• Action item:
Look below for the line that has "مهاجرون شبان يصلون في كنيسة مخيم"; output exactly from it through the line that has "Dieses Bild zeigt", and leave the pictures out.

• Records provided:
┌──

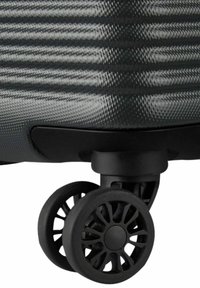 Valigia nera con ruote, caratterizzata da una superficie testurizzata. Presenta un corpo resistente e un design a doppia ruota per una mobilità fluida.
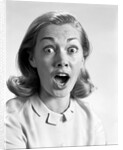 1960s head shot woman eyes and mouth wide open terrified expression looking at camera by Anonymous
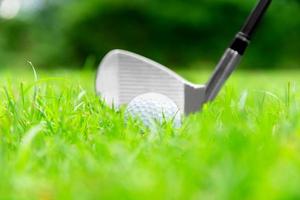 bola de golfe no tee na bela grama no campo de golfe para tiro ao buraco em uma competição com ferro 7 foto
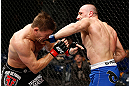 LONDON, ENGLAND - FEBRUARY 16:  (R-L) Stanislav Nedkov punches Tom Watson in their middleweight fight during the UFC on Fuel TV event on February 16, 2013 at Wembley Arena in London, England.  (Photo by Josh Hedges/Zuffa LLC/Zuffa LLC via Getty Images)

└──
┌──

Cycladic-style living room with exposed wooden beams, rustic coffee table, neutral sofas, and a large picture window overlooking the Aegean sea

└──
┌──

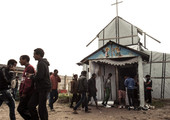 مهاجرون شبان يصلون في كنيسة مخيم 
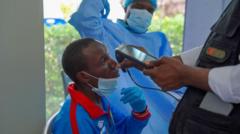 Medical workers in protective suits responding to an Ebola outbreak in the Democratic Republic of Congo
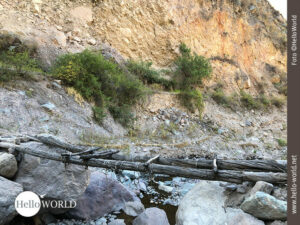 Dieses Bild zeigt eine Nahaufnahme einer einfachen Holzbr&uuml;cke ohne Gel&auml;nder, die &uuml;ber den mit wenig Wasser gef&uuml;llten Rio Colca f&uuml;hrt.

└──

• Task solution:
 مهاجرون شبان يصلون في كنيسة مخيم 
 Medical workers in protective suits responding to an Ebola outbreak in the Democratic Republic of Congo
 Dieses Bild zeigt eine Nahaufnahme einer einfachen Holzbr&uuml;cke ohne Gel&auml;nder, die &uuml;ber den mit wenig Wasser gef&uuml;llten Rio Colca f&uuml;hrt.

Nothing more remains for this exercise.